### Exercise requirements:
With pictures removed, the data below should be returned exactly.

### Dataset content:
+++++
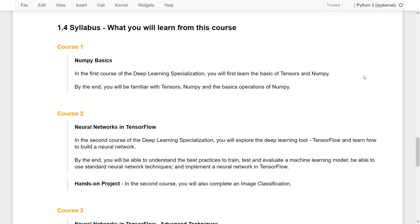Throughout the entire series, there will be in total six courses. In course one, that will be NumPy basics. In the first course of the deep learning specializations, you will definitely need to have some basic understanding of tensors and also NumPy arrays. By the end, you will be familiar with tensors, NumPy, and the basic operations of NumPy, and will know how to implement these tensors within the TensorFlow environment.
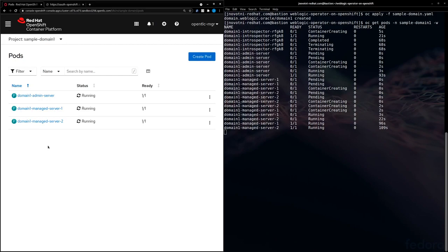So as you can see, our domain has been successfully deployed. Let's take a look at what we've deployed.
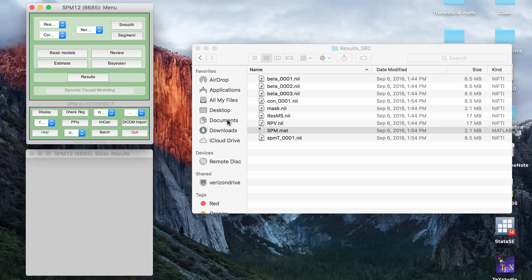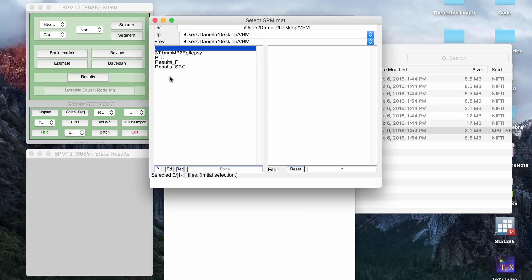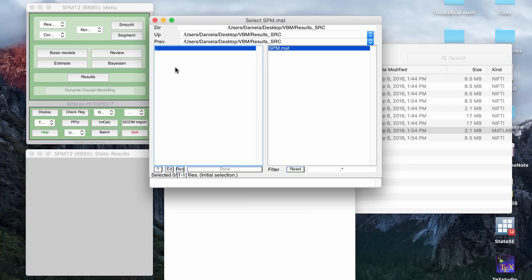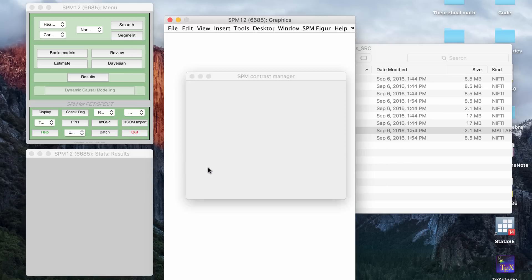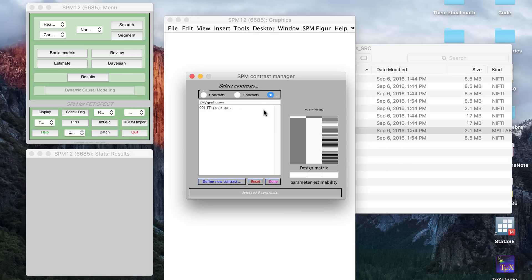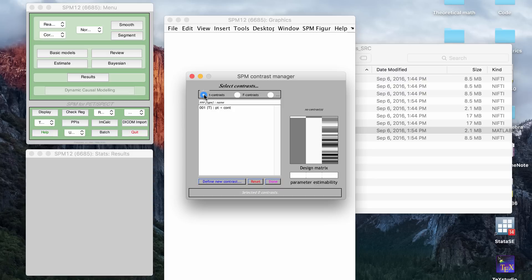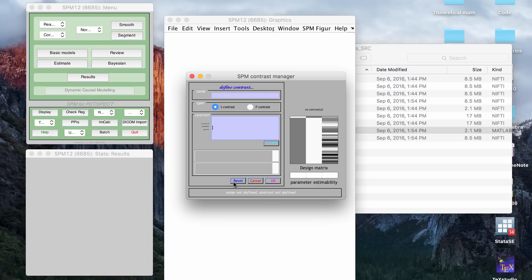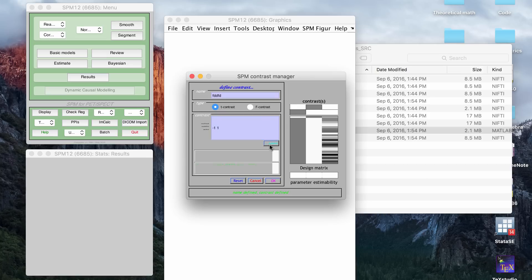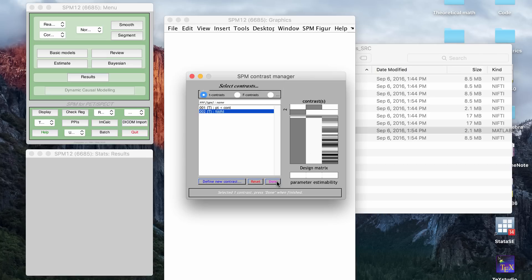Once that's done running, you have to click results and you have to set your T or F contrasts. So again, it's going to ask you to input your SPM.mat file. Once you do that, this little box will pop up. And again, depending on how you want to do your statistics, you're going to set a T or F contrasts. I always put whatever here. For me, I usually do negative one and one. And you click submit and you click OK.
+++++
### Problem solution:
Throughout the entire series, there will be in total six courses. In course one, that will be NumPy basics. In the first course of the deep learning specializations, you will definitely need to have some basic understanding of tensors and also NumPy arrays. By the end, you will be familiar with tensors, NumPy, and the basic operations of NumPy, and will know how to implement these tensors within the TensorFlow environment.
So as you can see, our domain has been successfully deployed. Let's take a look at what we've deployed.
Once that's done running, you have to click results and you have to set your T or F contrasts. So again, it's going to ask you to input your SPM.mat file. Once you do that, this little box will pop up. And again, depending on how you want to do your statistics, you're going to set a T or F contrasts. I always put whatever here. For me, I usually do negative one and one. And you click submit and you click OK.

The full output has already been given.